Our ape relatives know, one way or the other, that inbreeding is not a good idea.  Within a small group the hazards of inbreeding would develop eventually unless there were interchanges of males and/or females with other groups.  Humans had to develop means by which these interchanges could occur.  In very early times, the exchanges may have been relatively random with individuals wandering off looking for new opportunities.  At some point, as societies grew more complex, the benefits of kinship within a group would be extended to other groups.  This could be accomplished by exchange of gifts with members of other groups in order to establish good will that might prove advantageous at some future time.  A more effective approach to developing a broader-based support structure would be to provide a son or daughter to another group as a spouse to cement a relationship with another kin group.  This type of exchange likely evolved into our custom of marriage.

Until very recently, perhaps ten to fifteen thousand years ago, there was no reason to expect any deviation from this picture where both sexes contributed more or less equally to society.  That would begin to change as humans became more sedentary and began to cultivate crops, domesticate animals, and form states to control these activities.  James C. Scott is Sterling Professor of Political Science and codirector of the Agrarian Studies Program at Yale University.  His book, Against the Grain: A Deep History of the Earliest States will serve as a guide to what will happen next.

Human population was growing.  Scott provides the population estimate of about two to four million worldwide in 10,000 BCE.  Small bands would become bigger bands over time, and regions could be found where relatively large numbers of humans could settle in and live off an abundance of plant and animal life.  Mesopotamia, unlike today, was one of those regions in that era.  The curious thing about the time was that people in that period understood the techniques for cultivating crops and herding animals, but they resisted doing so on a large scale.  Today one assumes that moving in that direction was the inevitable direction for the evolution of civilization, but it would be several thousand years before humans would consent to, or be coerced into, participating in an agricultural economy and the states that would run it.
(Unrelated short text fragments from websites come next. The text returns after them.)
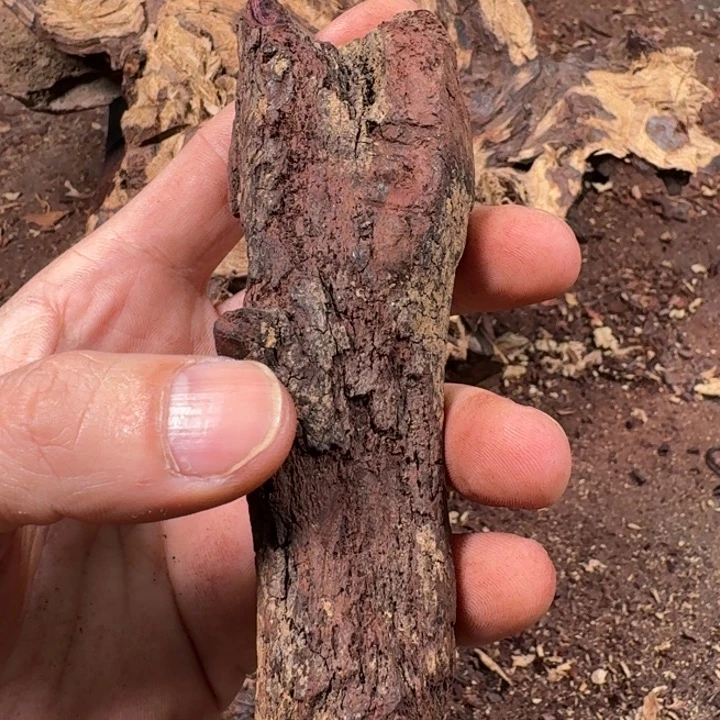 凯***奇黄花梨/降香黄檀定制1.0手串，切料定制，不退不换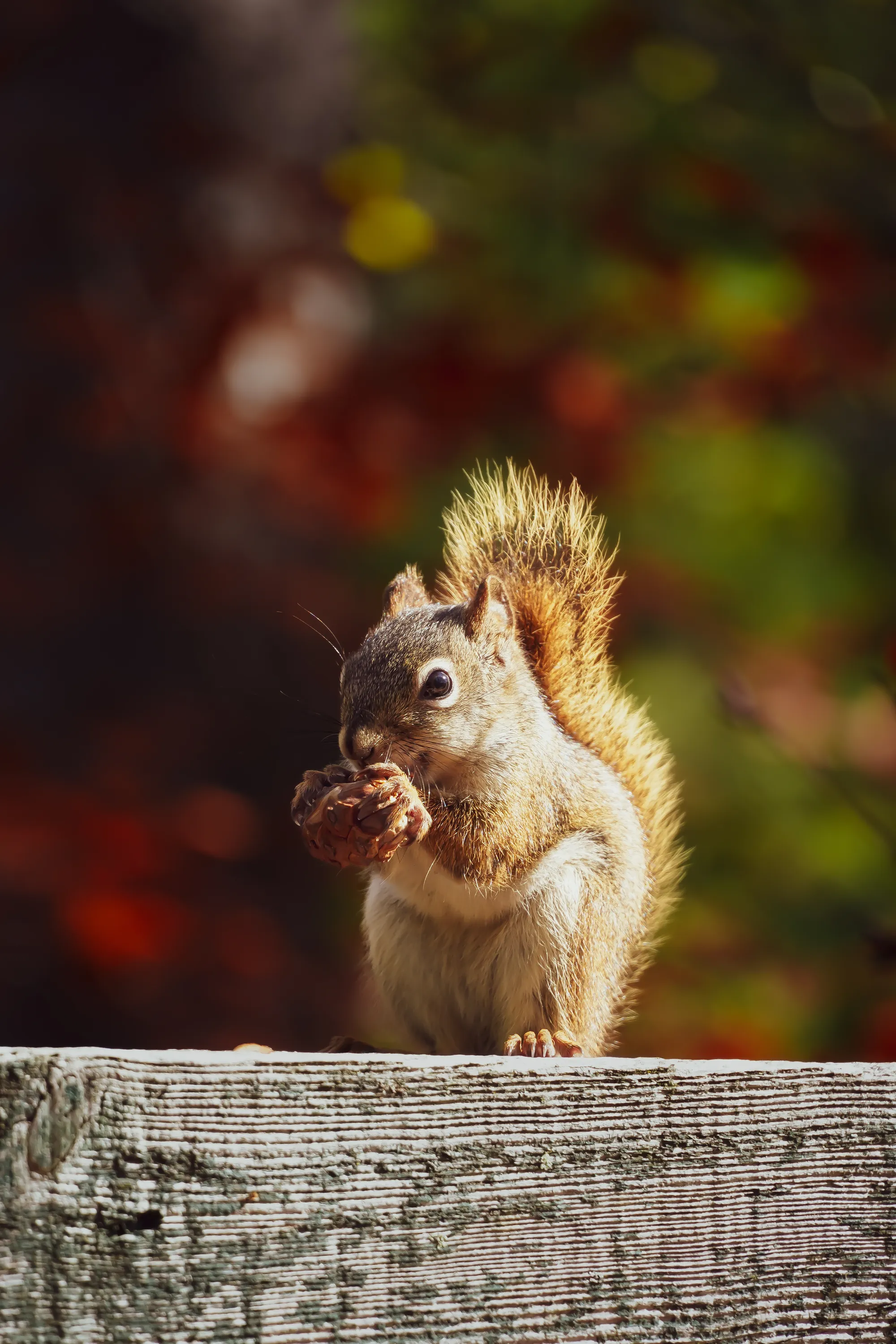 Photographie de New Hampshire - 1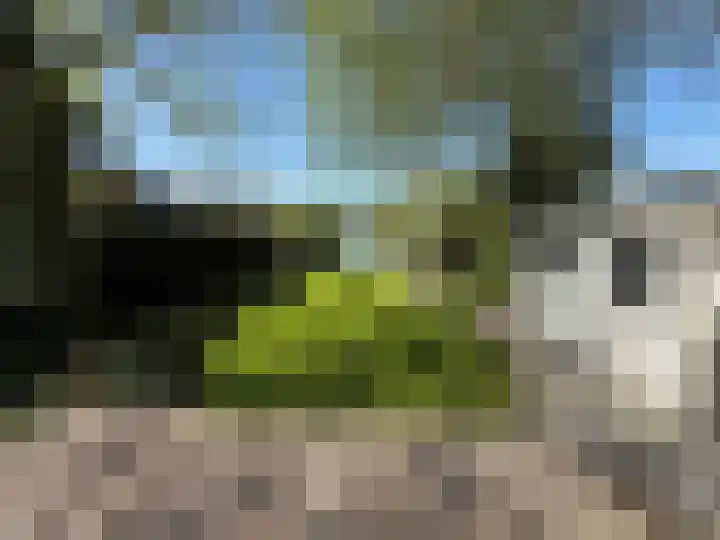 Droge Wijmersweg 5 041 Wervershoof thumbnail 17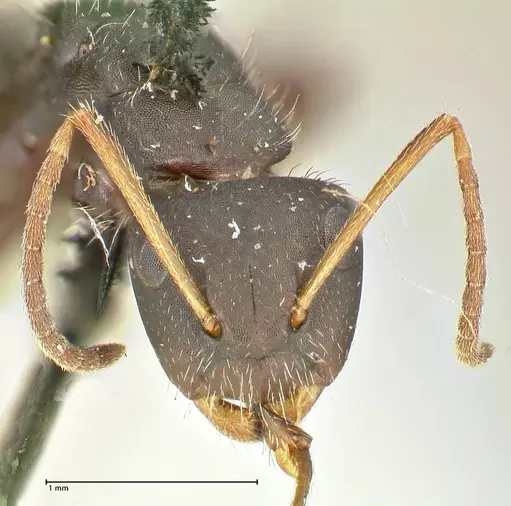 Camponotus trapezoideus - FOCOL2454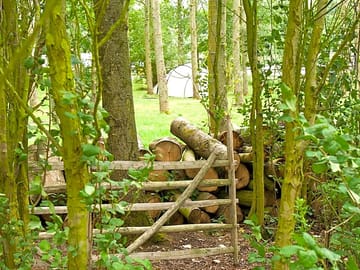 Woodpile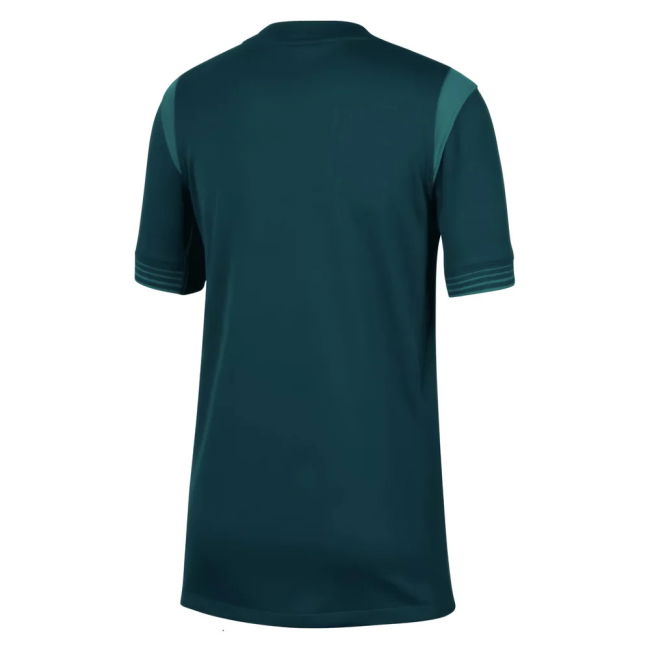Pro-Grade World-Class 2025-2026 Nigeria Home Shirt (Womens Team) -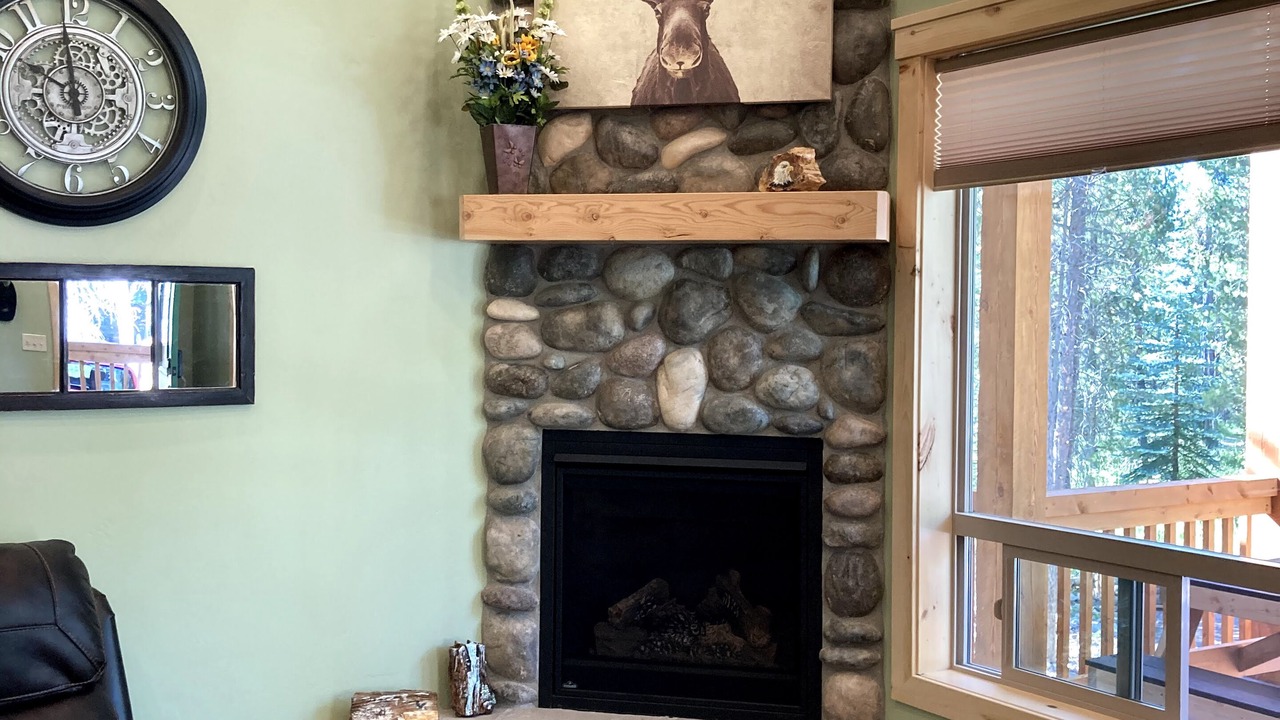 Photo of Livingroom in Island Park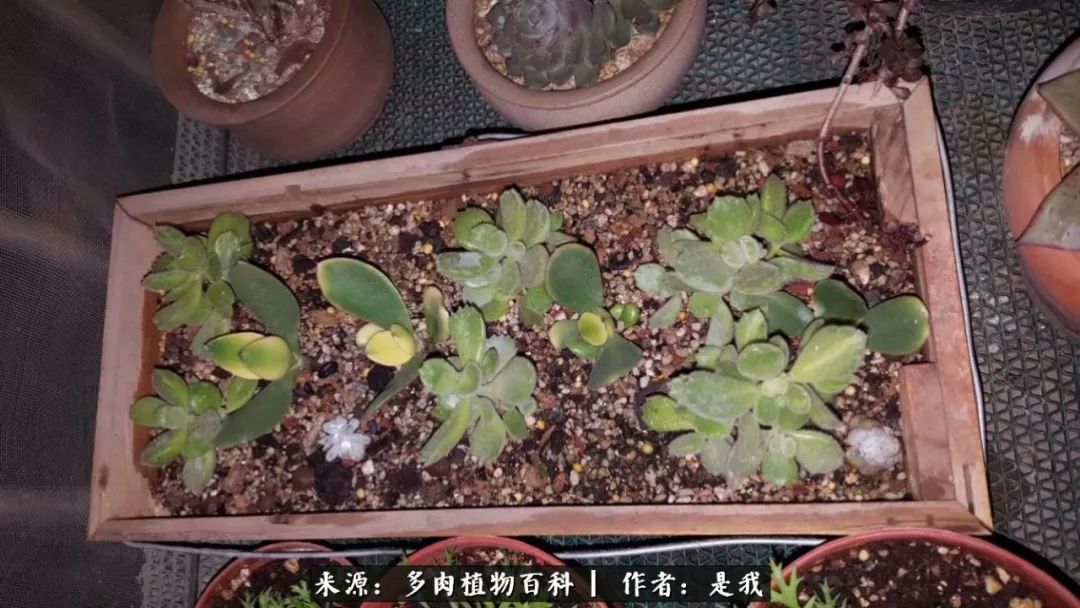 偶遇多肉的感言,偶遇山中多肉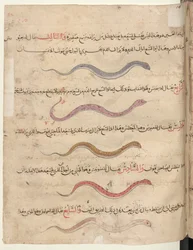 Snakes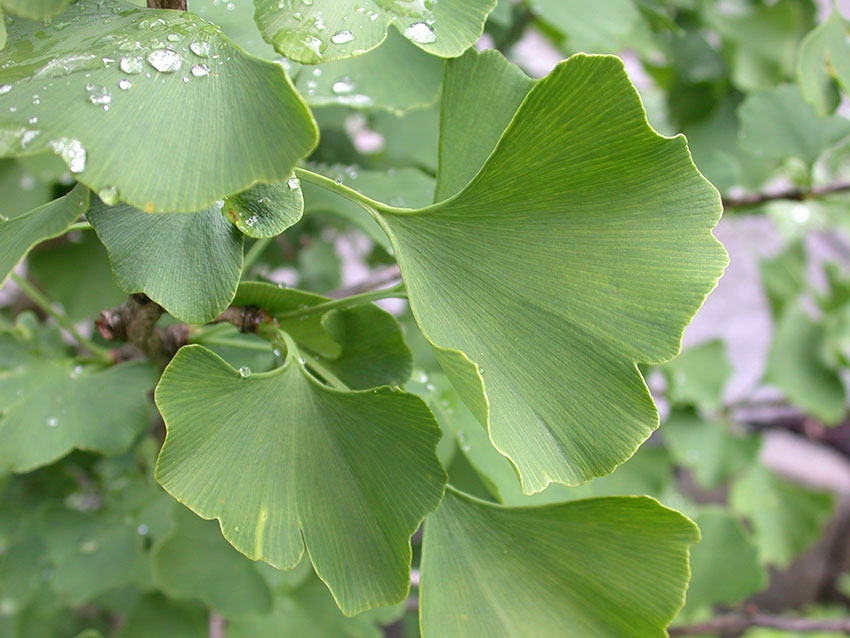Blad Ginkgo biloba
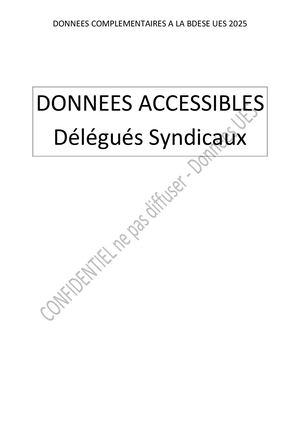 A 2025 - Données Complémentaires à La BDES UES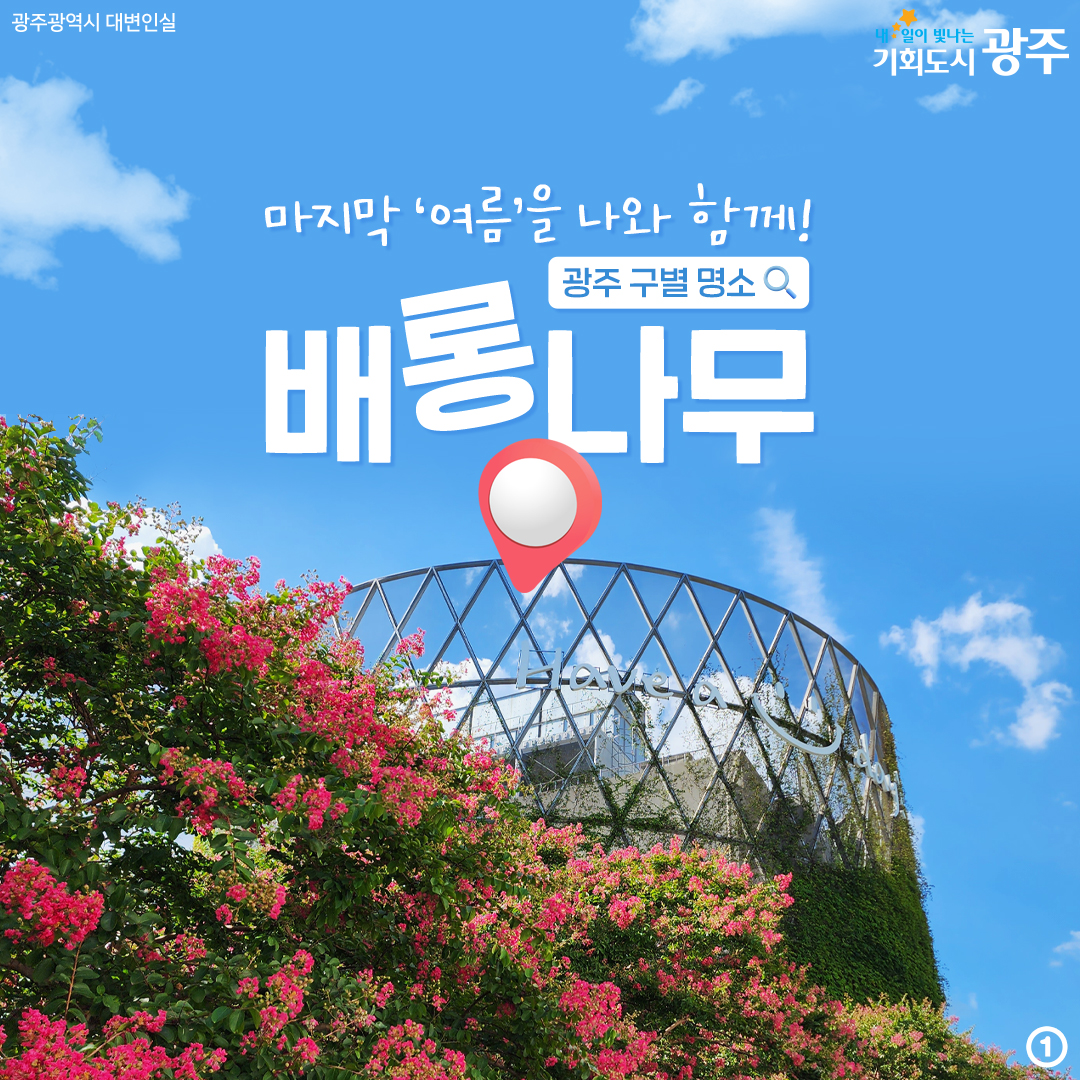 마지막 '여름'을 나와 함께! 배롱나무 광주 구별 명소_1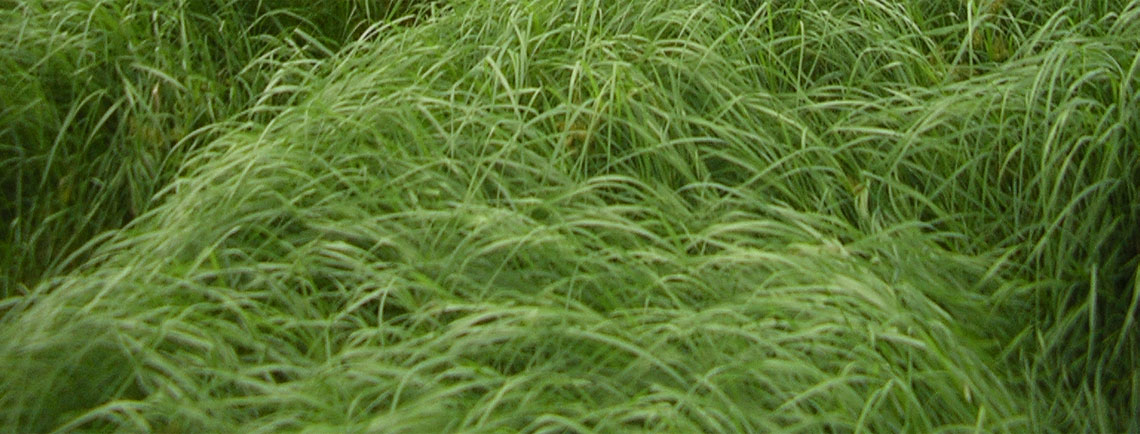 Tropical and sub tropical grasses - McDonalds Seeds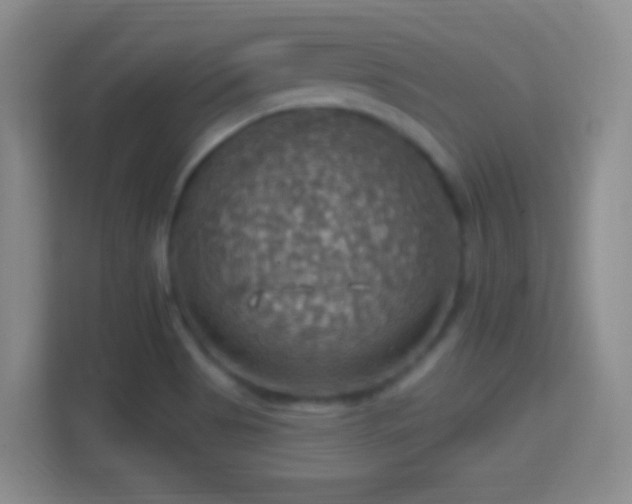 X0000114421513200910231156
“The first evidence of cultivated plants and of sedentary communities appears roughly 12,000 years ago.  Until then—that is to say for ninety-five percent of the human experience on earth—we lived in small, mobile, dispersed, relatively egalitarian, hunting and gathering bands.  Still more remarkable, for those interested in the state form, is the fact that the first small, stratified, tax-collecting walled states pop up in the Tigris and Euphrates Valley only around 3,100 BCE, more than four millennia after the first crop domestications and sedentism.  This massive lag is a problem for those theorists who would naturalize the state form and assume that once crops and sedentism, the technological and demographic requirements, respectively, for state formation were established, states/empires would immediately arise as the logical and most efficient units of political order.”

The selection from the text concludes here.